# Optimality, convexity, and gradient descent¶

## 7 Neural networks¶

Course: Math 535 - Mathematical Methods in Data Science (MMiDS)
Author: Sebastien Roch, Department of Mathematics, University of Wisconsin-Madison
Updated: Nov 12, 2020

Feedforward neural networks generalize the previous progressive examples with the addition of an arbitrary number of layers.

(Source)

### 7.1 Background¶

Each of the main layers has two components, an affine map and a nonlinear activation function. For the latter, we restrict ourselves here to the sigmoid function (there are many other popular choices of activation functions), that is, the function

$$\sigma(t) = \frac{1}{1 + e^{-t}} \qquad t \in \mathbb{R}.$$

Its derivative is easy to compute

$$\sigma'(t) = \frac{e^{-t}}{(1 + e^{-t})^2} = \frac{1}{1 + e^{-t}}\left(1 - \frac{1}{1 + e^{-t}}\right) = \sigma(t) (1 - \sigma(t)).$$

The latter expression is known as the logistic differential equation. It arises in a variety of applications, including the modeling of population dynamics. When applied to a vector component-wise, we denote the sigmoid function by $\sigma_\odot$, similarly, $\sigma'_{\odot}$ for the derivative.

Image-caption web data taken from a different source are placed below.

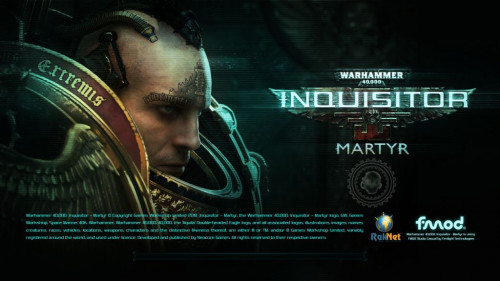 Warhammer40K Inquisitor Martyr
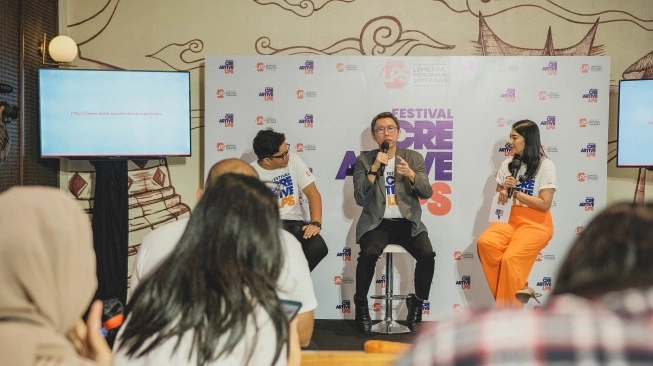 Dengan Event Festival CreArtive 2023, LPS Dukungan Generasi Muda untuk Terus Kreatif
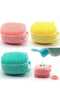 Silicone Brush Pouch with Shower Gel Reservoir Multi-Purpose Body Cleaning Exfoliating Bath Loofah - 3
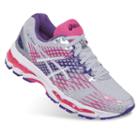 Asics Gel-nimbus 17 Women's Running Shoes, Size: 5, Light Grey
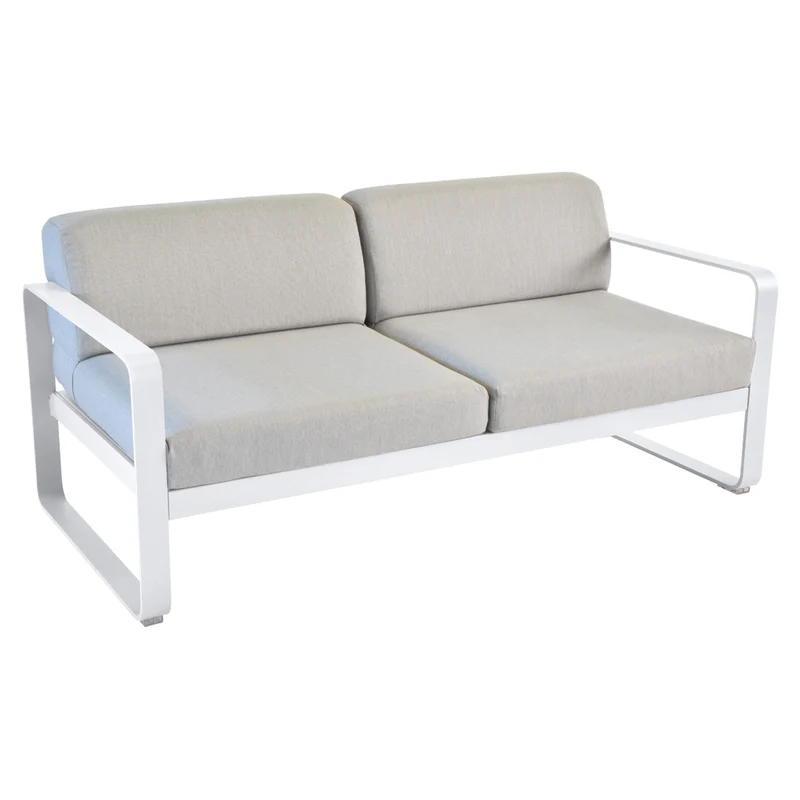 Fermob Bellevie Sofa 2-Seater with Premium Cushions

We consider an arbitrary number of layers $L+1$. Layer $i$, $i=1,\ldots,L$, is defined by a continuously differentiable function $g_i$ which takes two vector-valued inputs: a vector of parameters $\mathbf{w}_i \in \mathbb{R}^{r_i}$ specific to the $i$-th layer and a vector of inputs $\mathbf{z}_i \in \mathbb{R}^{n_i}$ which is fed from the $i-1$-th layer

$$g_i : \mathbb{R}^{r_i + n_i} \to \mathbb{R}^{n_{i+1}}.$$

The output of $g_i$ is a vector in $\mathbb{R}^{n_{i+1}}$ which is passed to the $i+1$-th layer as input. Here $r_i = n_{i+1}(n_i + 1)$ and $\mathbf{w}_i = (\mathbf{w}^{(1)}_i;\ldots;\mathbf{w}^{(n+{i+1})}_i)$ are the parameters with $\mathbf{w}^{(k)}_i \in \mathbb{R}^{n_i+1}$. Specifically, $g_i$ is given by

$$g_i(\mathbf{w}_i;\mathbf{z}_i) = \left[\sigma\left(\sum_{j=1}^{n_i} w^{(k)}_{i,j} z_{i,j} + w^{(k)}_{i,n_i+1}\right)\right]_{k=1}^{n_{i+1}} = \sigma_{\odot}\left(\mathcal{W}_i \mathbf{z}_i^{;1}\right)$$

where we define $\mathcal{W}_i \in \mathbb{R}^{n_{i+1} \times (n_i+1)}$ as the matrix with rows $(\mathbf{w}_i^{(1)})^T,\ldots,(\mathbf{w}_i^{(n_{i+1})})^T$.

Each component of $g_i$ is referred to as a neuron.

(Source)

The first layer takes as input $\mathbf{z}_1 = \mathbf{x} \in \mathbb{R}^d$ so that $n_1 = d$. As in logistic regression, layer $L$ has $K-1$ outputs so that $n_{L+1} = K-1$.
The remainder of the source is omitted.